REQUIREMENT ▸
Please return each record exactly, leaving nothing out.

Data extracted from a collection
________________________________________
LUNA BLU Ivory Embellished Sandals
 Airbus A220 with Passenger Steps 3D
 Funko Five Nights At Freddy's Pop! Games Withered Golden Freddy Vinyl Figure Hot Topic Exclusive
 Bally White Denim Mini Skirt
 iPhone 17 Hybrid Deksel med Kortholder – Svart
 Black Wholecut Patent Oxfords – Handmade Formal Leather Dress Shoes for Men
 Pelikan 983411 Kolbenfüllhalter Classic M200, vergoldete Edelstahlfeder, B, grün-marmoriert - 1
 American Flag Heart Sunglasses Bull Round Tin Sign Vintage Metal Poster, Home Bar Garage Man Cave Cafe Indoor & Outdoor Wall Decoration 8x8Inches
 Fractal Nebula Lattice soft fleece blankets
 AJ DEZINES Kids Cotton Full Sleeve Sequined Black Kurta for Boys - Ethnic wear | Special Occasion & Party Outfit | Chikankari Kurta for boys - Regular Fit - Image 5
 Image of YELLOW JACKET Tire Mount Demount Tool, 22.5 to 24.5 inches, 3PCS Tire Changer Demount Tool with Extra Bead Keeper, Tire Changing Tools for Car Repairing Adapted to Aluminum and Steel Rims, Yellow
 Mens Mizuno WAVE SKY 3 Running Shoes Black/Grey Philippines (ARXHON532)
________________________________________
ANSWER SPACE ▸
LUNA BLU Ivory Embellished Sandals
 Airbus A220 with Passenger Steps 3D
 Funko Five Nights At Freddy's Pop! Games Withered Golden Freddy Vinyl Figure Hot Topic Exclusive
 Bally White Denim Mini Skirt
 iPhone 17 Hybrid Deksel med Kortholder – Svart
 Black Wholecut Patent Oxfords – Handmade Formal Leather Dress Shoes for Men
 Pelikan 983411 Kolbenfüllhalter Classic M200, vergoldete Edelstahlfeder, B, grün-marmoriert - 1
 American Flag Heart Sunglasses Bull Round Tin Sign Vintage Metal Poster, Home Bar Garage Man Cave Cafe Indoor & Outdoor Wall Decoration 8x8Inches
 Fractal Nebula Lattice soft fleece blankets
 AJ DEZINES Kids Cotton Full Sleeve Sequined Black Kurta for Boys - Ethnic wear | Special Occasion & Party Outfit | Chikankari Kurta for boys - Regular Fit - Image 5
 Image of YELLOW JACKET Tire Mount Demount Tool, 22.5 to 24.5 inches, 3PCS Tire Changer Demount Tool with Extra Bead Keeper, Tire Changing Tools for Car Repairing Adapted to Aluminum and Steel Rims, Yellow
 Mens Mizuno WAVE SKY 3 Running Shoes Black/Grey Philippines (ARXHON532)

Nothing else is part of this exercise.